Selon un protocole établi et resté inchangé depuis les années 1980, Francis Baudevin opère par prélèvements de motifs graphiques, souvent publicitaires, qu’il réinvestit en peinture. L’intervention de l’artiste réside uniquement dans le choix des images-sources et dans leur modification par soustraction (des signes typographiques) puis agrandissement (du format). Il s’agit d’un geste minimum, d’une intervention moindre, mais qui pourtant projette les motifs choisis par Baudevin dans un autre champ de signification, ou plutôt de non-signifiance.

Lorsqu’il intervient sur le logo de la marque de transport, de courrier et de livraison UPS, il garde exactement les mêmes couleurs, le même agencement, les mêmes rapports entre les formes que l’original. Sans le texte qui identifie la marque, la composition devient une peinture, une œuvre d’art qui s’inscrit dans une histoire des recherches picturales théorisées par les peintres abstraits qui ont précédé Baudevin.

Bien qu’il recycle des motifs issus du monde de la consommation, il opère donc bel et bien au sein du riche héritage de l’abstraction du XXe siècle et il inscrit sa pratique dans un dialogue inspirant avec l’histoire de l’art non figuratif, du carré noir de Kazimir Malevitch au récent courant néo-géo en passant par l’art mathématique zurichois des années 1930. Son domaine d’exploration formel est la géométrie purifiée et élémentaire issue de la peinture concrète, qui, transformée par le graphisme, acquiert une dimension soudainement moins radicale et austère, mais reste un moyen d’interroger le projet culturel de la modernité.
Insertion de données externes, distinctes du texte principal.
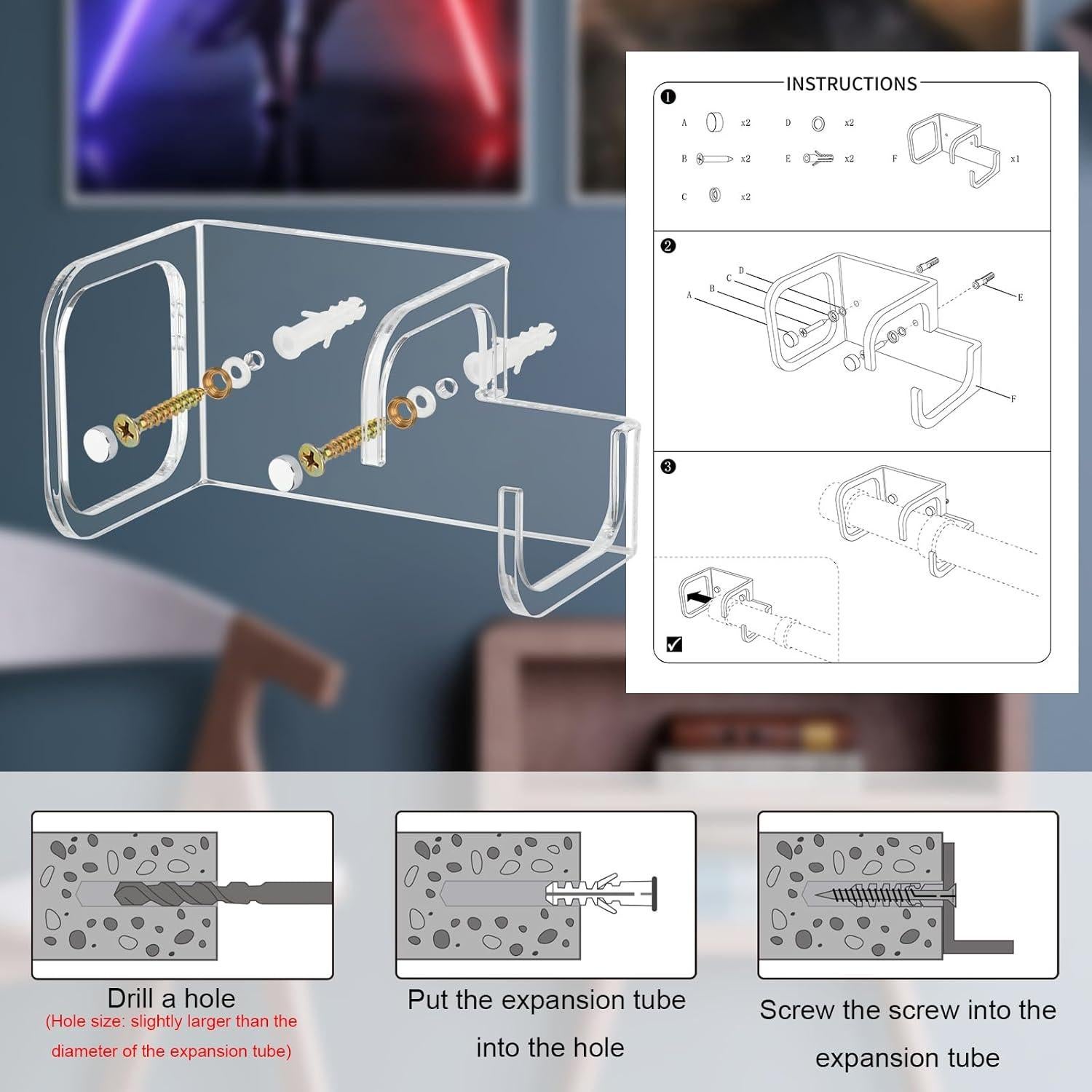 Soporte de Pared Horizontal Acrílico para Sable de Luz LGTSABER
Baudevin ne poursuit pourtant pas la visée des modernes, tels que Vassily Kandinsky ou Piet Mondrian, qui associaient dimensions spirituelles et mystiques à la démarche abstraite ; il emmène le spectateur vers d’autres expériences, visuelles et physiques, qui puisent dans des domaines culturels différents. Son travail nous rappelle alors qu’une démarche artistique s’origine dans un rapport au monde qui excède souvent le strict champ de l’histoire de l’art.